Apple declined to comment on Thursday. A lawyer for COL Digital Publishing confirmed the Tianjin court’s ruling, but declined to further comment because the case is ongoing.
This was not the first time COL Digital Publishing hauled Apple to court. The mainland firm has sued Apple four different times since 2012 in cases related to digital works, according to the report.
In April, the Beijing Intellectual Property Court rejected Apple’s request to appeal its earlier ruling that the US company infringed on COL Digital Publishing’s right to communicate its works to the public. Apple was ordered to pay 368,000 yuan in remedy to the online publisher.
Apple has long prided itself on having a fair and secure ecosystem, but legal pressure from consumers and other parties has shown cracks in the tech company’s “walled garden”.

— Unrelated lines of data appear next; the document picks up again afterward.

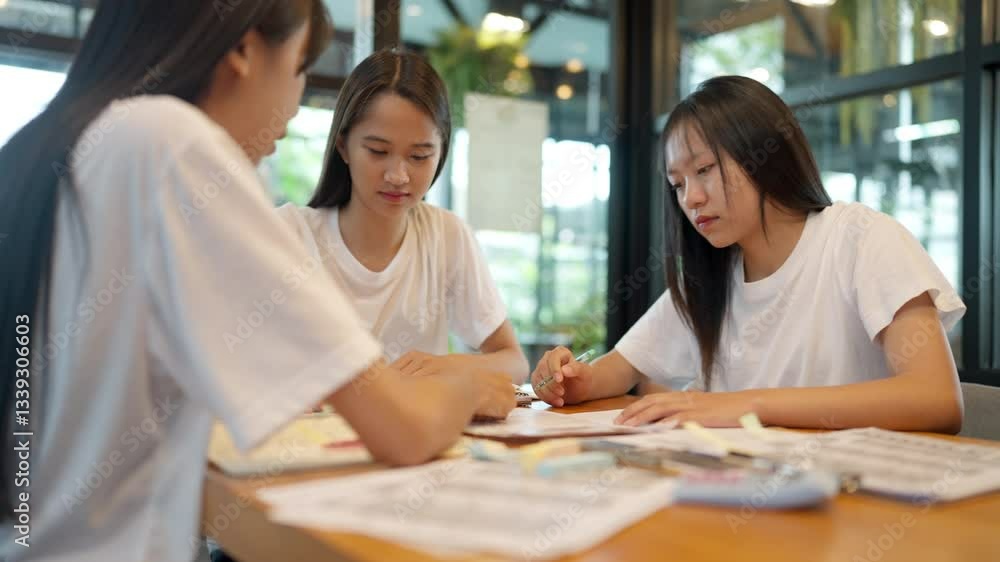 Three women sitting at a table with papers and markers. They are working together on a project. Scene is collaborative and focused Three women sitting at a table with papers and markers. They are working together on a project. Scene is collaborative and focused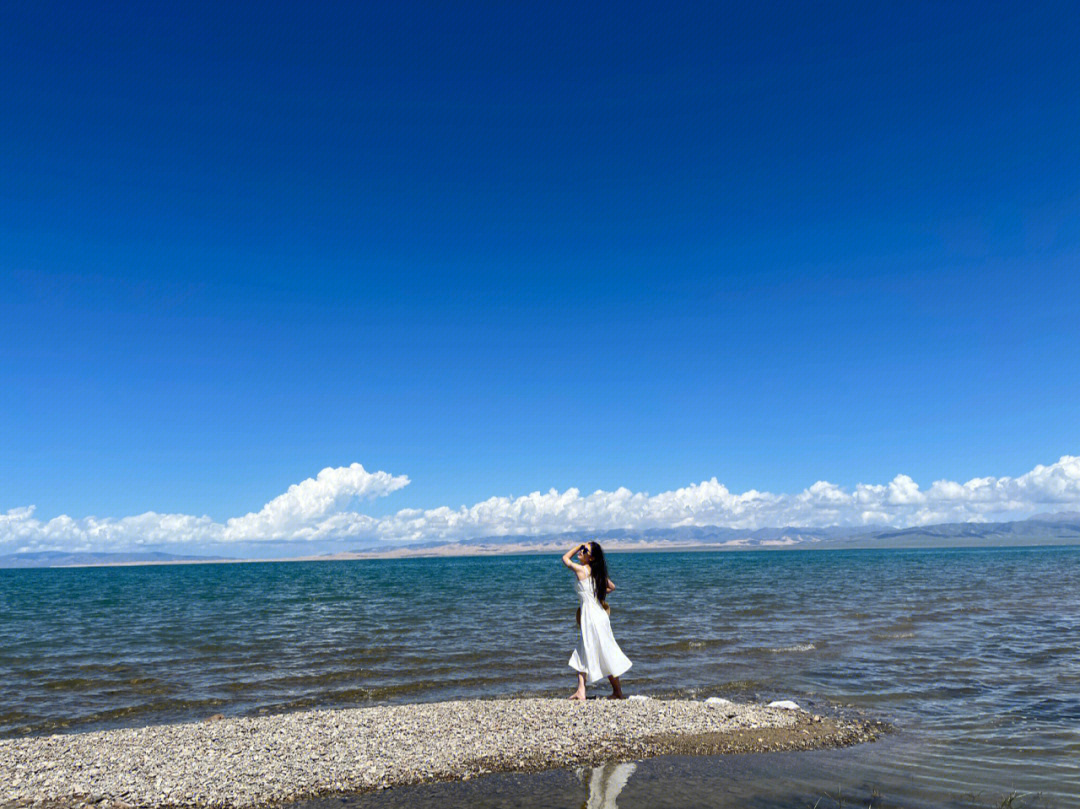 青海湖人物美拍欣赏图片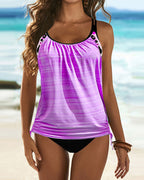 Augustus - Einfarbiger Tankini mit Leopardenprint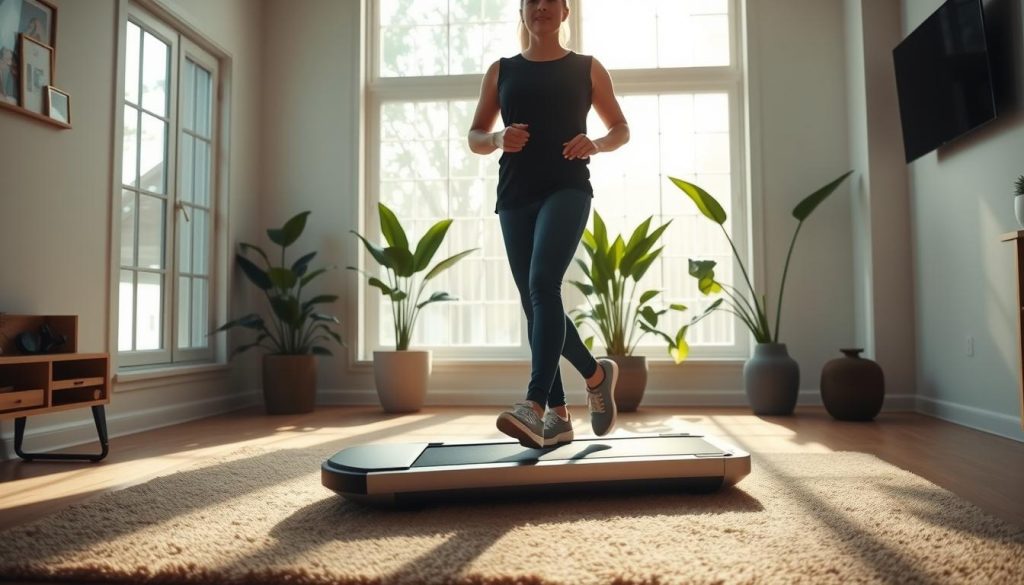 A serene home gym interior with a sleek, modern WalkingPad treadmill at the center, casting a warm glow from its display. Sunlight streams in through large windows, illuminating the space with a soft, natural light. The floor is covered in a plush, neutral-toned rug, and the walls are adorned with minimalist decor, creating a calming, harmonious atmosphere. In the foreground, a person is walking briskly on the WalkingPad, their expression one of focused determination as they reap the health benefits of this innovative fitness solution. The background features lush, green houseplants, adding a touch of vitality and wellness to the scene.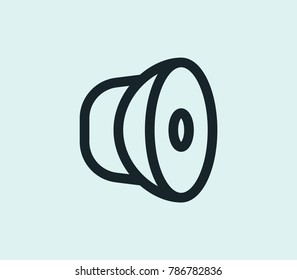 Announce icon line isolated on clean background. Speaker concept drawing icon line in modern style. Vector illustration for your web site mobile logo app UI design.
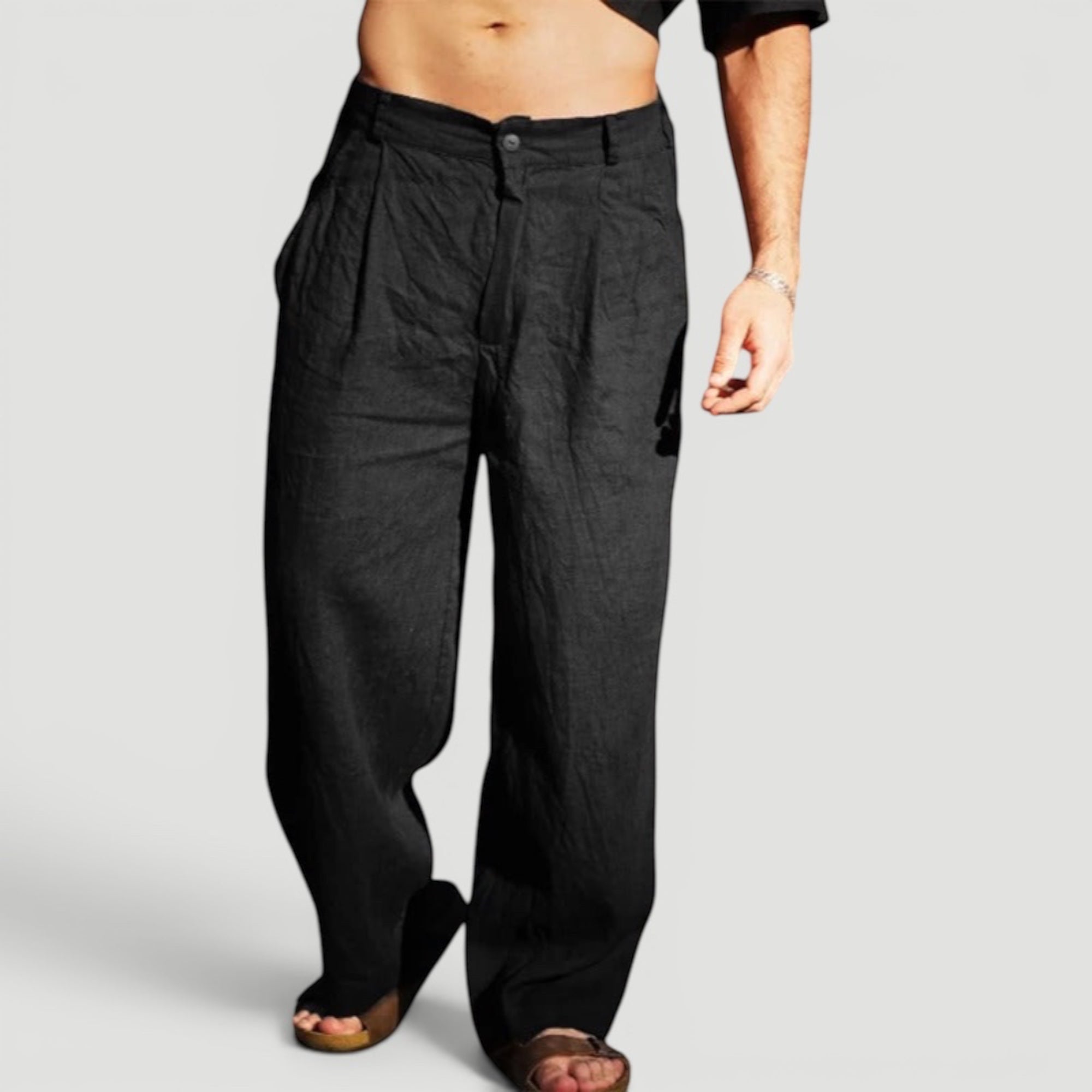 Ellmont London | Men’s Summer Pants Linen Blend Casual Comfort Fit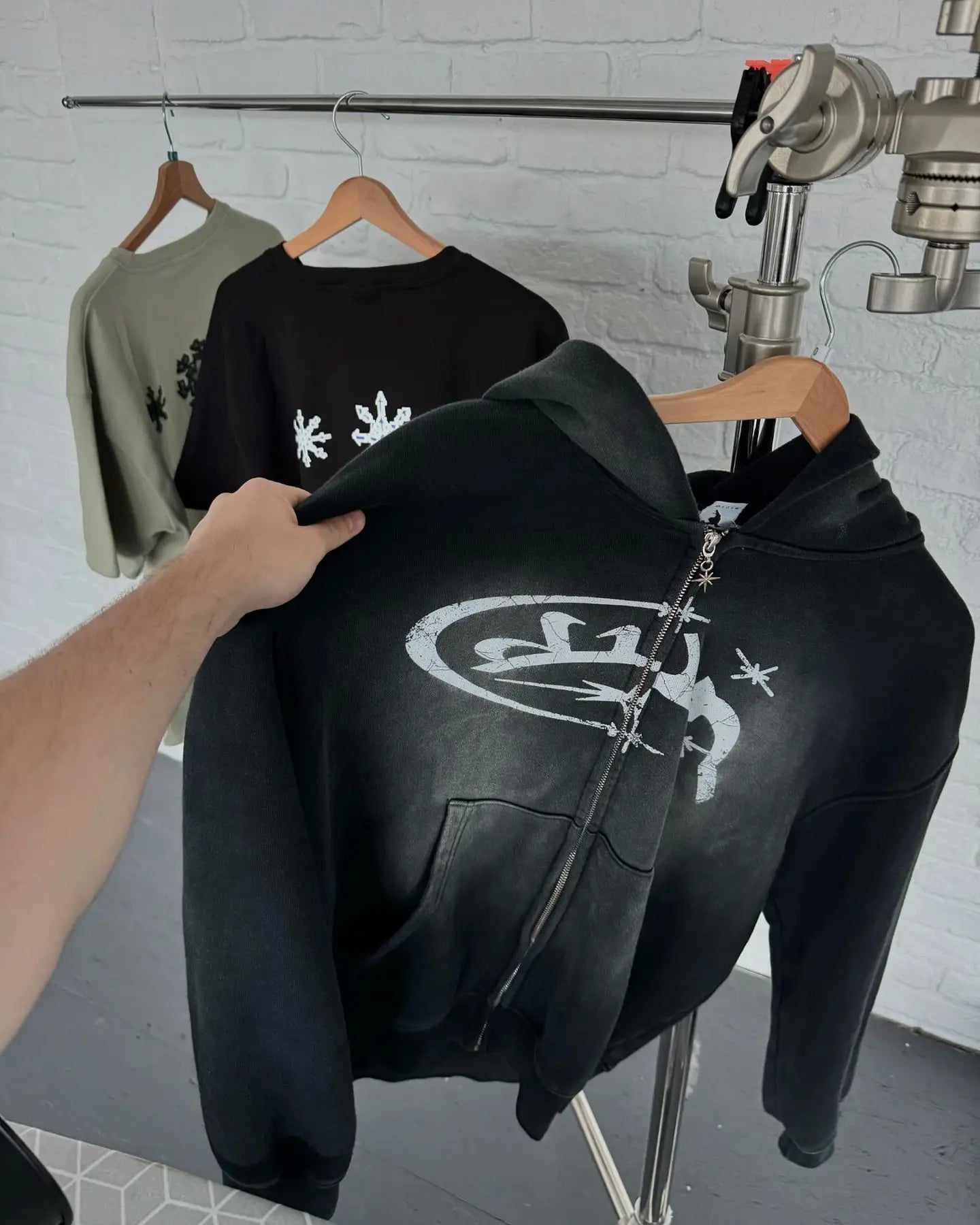 Vintage Fashion Print Zip Up Hoodies Sweatshirt Men and Women Streetwear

The management of Apple’s App Store in mainland China has not met the requirements of the country’s Copyright Law, according to You Yunting, a senior partner at Shanghai Debund Law Firm.
“Chinese courts have established rather high standards for duty of care, which means that … you cannot get away from responsibilities when infringement happens on your platform,” You said.
That issue could come back to bite Apple in the world’s second largest economy, where it has not been faring well in recent litigation.
In a decision handed down in September, the country’s Supreme People’s Court ruled that a lawsuit filed by a Chinese consumer against Apple’s mainland subsidiary on antitrust grounds could proceed in a Shanghai court. That ruling rejected Apple’s plea that its China entity, which mainly distributes the company’s products to the local market, should not be sued over issues related to the operations of its App Store in the country.